Carol: Where is Sistering located? Do you have a website or social media that people can follow you?
Patricia: We have two locations, one at 962 Bloor Street West, which is on Bloor between Ossington and Dovercourt and then we have another location in Parkdale at Cowan Avenue and Queen and it is open Monday to Friday from 9AM to 2PM and the people who go there are primarily seniors.
Our website and our twitter and facebook account is @Sisteringto. We try to keep everybody informed.
Carol: What is next for Sistering?
Patricia: Sistering is always at capacity or higher and the city of Toronto is opening up a new women shelter and Sistering has applied to run it. It's on Davenport at Avenue Road. We have applied and the city is announcing on October 1st who will get to operate it and if we are successful then we will take the Sistering drop-in model and apply it to the shelter, so it will be low barrier harm reduction based, trauma informed and anti-oppressive.

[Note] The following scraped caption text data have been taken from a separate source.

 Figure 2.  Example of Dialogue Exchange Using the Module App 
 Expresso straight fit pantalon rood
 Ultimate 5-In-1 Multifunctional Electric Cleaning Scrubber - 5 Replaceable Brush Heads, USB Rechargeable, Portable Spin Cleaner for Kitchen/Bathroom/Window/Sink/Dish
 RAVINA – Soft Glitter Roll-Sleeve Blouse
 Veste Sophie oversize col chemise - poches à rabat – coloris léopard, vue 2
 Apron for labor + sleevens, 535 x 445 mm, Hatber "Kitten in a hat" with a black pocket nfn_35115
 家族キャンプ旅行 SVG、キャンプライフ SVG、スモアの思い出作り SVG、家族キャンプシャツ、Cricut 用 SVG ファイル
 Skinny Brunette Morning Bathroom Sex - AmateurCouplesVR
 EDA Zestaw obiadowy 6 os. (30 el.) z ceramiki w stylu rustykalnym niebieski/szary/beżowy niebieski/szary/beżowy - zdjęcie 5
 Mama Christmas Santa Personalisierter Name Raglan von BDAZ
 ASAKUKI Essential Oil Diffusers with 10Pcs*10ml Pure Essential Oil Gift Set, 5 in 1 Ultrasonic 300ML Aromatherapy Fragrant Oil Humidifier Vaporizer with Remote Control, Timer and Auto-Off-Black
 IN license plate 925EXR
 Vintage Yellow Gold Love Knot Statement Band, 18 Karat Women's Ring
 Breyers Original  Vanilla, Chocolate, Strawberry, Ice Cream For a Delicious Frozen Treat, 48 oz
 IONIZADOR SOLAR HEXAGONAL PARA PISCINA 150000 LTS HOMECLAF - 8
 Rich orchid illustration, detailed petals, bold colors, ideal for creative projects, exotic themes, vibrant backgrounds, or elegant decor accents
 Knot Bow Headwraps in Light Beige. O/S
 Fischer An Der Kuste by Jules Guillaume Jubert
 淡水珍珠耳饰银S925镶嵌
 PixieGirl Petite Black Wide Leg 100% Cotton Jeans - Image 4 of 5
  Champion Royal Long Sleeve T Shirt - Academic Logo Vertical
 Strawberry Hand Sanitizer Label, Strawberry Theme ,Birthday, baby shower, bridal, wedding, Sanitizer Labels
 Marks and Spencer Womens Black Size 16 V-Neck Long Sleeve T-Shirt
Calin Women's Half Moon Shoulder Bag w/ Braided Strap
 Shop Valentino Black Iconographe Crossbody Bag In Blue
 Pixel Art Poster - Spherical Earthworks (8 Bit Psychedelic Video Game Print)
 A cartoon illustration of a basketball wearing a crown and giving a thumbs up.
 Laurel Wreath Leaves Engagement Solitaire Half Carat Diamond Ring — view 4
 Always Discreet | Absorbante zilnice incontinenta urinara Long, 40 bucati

Women would be able to come and go as they want … throughout the night, there won’t be curfews. We'd have space for them to come in and have a coffee or sandwich and there would be real beds to sleep in and we'll have doctors and psychiatrists again and psychotherapists. All the kinds of resources we have here we’ll have there.
Sistering is a place in where women have the opportunity to learn different skills, find a job, and get back on their feet but it is also a special place where women can find the freedom to find themselves, to take a breath, heal and learn something useful that will help them to their life.